• [Requirement]
Images are not wanted; transcribe the rest of the listing exactly.

===== Information shown =====

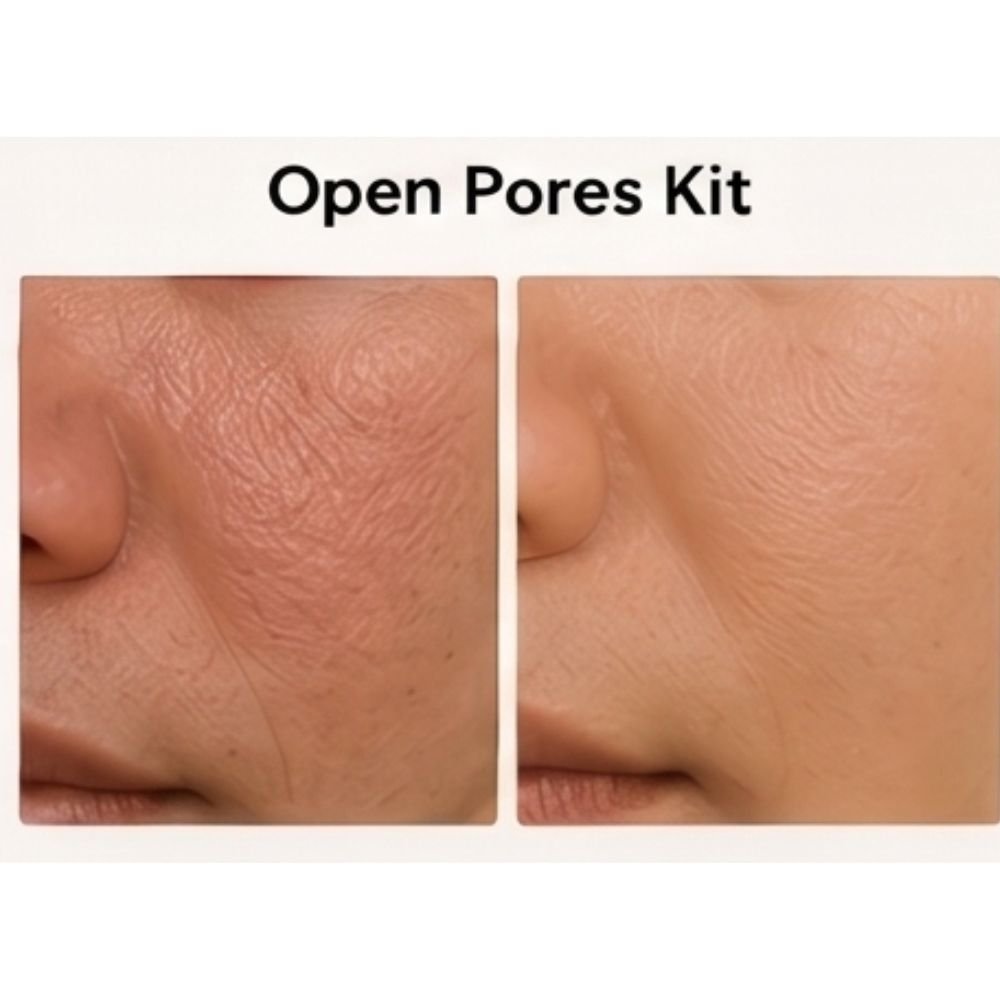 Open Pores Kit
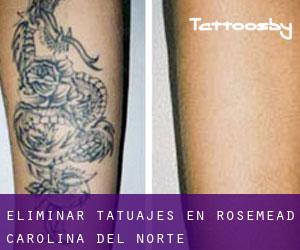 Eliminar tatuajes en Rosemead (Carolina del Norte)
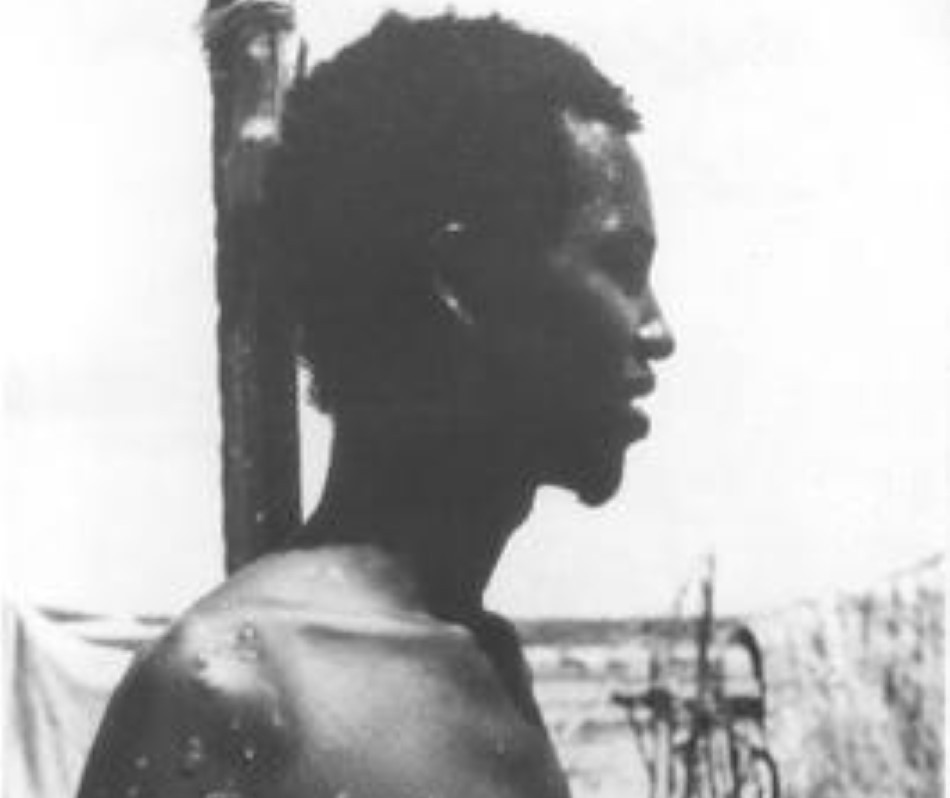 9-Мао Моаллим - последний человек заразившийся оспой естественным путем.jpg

=====

• [Response for this exercise]
 Open Pores Kit
 Eliminar tatuajes en Rosemead (Carolina del Norte)
 9-Мао Моаллим - последний человек заразившийся оспой естественным путем.jpg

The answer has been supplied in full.